Gen X & Y – not your father’s millionaires.
Posted On October 24, 2013
Every year, Fidelity Investments publishes its Millionaire Outlook survey, which analyzes the investing attitudes and behaviors of millionaires. And while the Millennials (or Gen Y as the survey refers to them) are not having the easiest time right out of the college gates, they do have some showing among the young millionaire ranks.
Interestingly enough, the study groups Gen X and Gen Y collectively as “young millionaires” with investment traits significantly different than the Boomer+ millionaires. It is sometimes thought that class, or privilege, trumps the generational norms. That is, individuals at the far ends of the socioeconomic spectrum are less affected by the societal trends that create generational norms. Their behavior, collectively, is more consistent year over year. By identifying discrepancies between older and younger millionaires, this survey opens up some conversation and question around those assumptions.

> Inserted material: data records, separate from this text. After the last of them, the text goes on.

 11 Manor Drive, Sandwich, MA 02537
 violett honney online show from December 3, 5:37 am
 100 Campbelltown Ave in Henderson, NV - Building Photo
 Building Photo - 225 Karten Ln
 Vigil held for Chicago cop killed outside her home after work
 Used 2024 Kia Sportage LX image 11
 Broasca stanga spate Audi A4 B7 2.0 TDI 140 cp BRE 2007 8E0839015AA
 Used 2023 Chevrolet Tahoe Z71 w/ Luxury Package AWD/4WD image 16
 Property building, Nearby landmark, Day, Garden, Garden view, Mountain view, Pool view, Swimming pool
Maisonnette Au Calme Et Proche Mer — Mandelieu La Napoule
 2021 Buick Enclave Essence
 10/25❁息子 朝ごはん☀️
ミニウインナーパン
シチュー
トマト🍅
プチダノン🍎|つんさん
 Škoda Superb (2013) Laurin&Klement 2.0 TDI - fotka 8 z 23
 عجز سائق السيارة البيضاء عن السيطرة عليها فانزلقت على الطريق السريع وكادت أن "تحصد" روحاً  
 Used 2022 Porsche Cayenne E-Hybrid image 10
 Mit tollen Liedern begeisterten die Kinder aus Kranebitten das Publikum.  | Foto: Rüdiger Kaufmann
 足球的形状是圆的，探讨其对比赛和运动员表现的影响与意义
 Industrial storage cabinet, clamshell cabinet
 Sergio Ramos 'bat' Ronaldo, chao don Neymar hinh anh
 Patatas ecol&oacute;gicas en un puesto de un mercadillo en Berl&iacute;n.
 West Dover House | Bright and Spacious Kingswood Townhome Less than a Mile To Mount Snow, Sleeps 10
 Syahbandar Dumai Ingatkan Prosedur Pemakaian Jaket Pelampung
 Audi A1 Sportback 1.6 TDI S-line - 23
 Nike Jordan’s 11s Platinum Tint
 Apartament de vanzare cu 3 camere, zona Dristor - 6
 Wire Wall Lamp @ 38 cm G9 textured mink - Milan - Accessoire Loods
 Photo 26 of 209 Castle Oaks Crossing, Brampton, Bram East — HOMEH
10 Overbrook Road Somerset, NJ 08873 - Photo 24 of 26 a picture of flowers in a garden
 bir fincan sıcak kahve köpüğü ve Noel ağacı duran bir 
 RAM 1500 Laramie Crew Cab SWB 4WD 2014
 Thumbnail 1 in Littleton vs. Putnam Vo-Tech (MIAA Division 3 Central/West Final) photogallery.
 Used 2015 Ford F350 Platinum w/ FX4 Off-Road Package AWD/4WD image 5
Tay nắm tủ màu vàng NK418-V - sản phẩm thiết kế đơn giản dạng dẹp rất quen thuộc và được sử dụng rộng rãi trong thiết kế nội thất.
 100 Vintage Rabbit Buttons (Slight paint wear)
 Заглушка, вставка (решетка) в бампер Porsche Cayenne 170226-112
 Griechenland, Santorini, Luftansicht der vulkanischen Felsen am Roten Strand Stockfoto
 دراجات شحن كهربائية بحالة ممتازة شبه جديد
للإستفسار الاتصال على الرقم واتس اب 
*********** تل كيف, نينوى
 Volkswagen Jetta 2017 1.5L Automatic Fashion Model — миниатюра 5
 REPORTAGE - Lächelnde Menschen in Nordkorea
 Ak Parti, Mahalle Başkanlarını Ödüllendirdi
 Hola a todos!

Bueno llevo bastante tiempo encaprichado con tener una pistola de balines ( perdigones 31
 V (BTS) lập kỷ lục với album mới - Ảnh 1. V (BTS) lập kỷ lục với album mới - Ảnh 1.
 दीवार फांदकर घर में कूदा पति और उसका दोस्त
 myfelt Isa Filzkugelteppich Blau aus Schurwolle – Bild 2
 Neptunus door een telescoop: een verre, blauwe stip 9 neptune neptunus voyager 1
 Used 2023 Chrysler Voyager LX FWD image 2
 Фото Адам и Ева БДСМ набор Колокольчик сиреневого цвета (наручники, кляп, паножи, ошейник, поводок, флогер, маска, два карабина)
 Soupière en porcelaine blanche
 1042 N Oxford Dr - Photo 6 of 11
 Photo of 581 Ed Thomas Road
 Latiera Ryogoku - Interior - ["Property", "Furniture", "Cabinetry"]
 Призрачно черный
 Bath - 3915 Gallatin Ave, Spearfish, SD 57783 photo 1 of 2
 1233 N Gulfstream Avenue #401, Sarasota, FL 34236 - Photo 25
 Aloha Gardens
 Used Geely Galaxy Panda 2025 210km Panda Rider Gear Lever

The survey also provides some insight for those seeking to serve the next generation of wealth accumulators. The good news for financial advisors is that 61% of young millionaires are willing to seek the guidance of others and they are active, interested investors. Despite the increasing accessibility of self-directed investing through online trading companies, the individuals who already have investable assets are still interested in relationships and actively managed accounts. In fact, because many of these young millionaires got their start through inheritances and most are planning to continue that tradition, and the support of a strong, family-oriented advisor may well become a decades-long client relationship. They may not have the overall assets of the Boomer millionaires, but today’s young millionaires plan to work hard for their money and make their money work hard for them.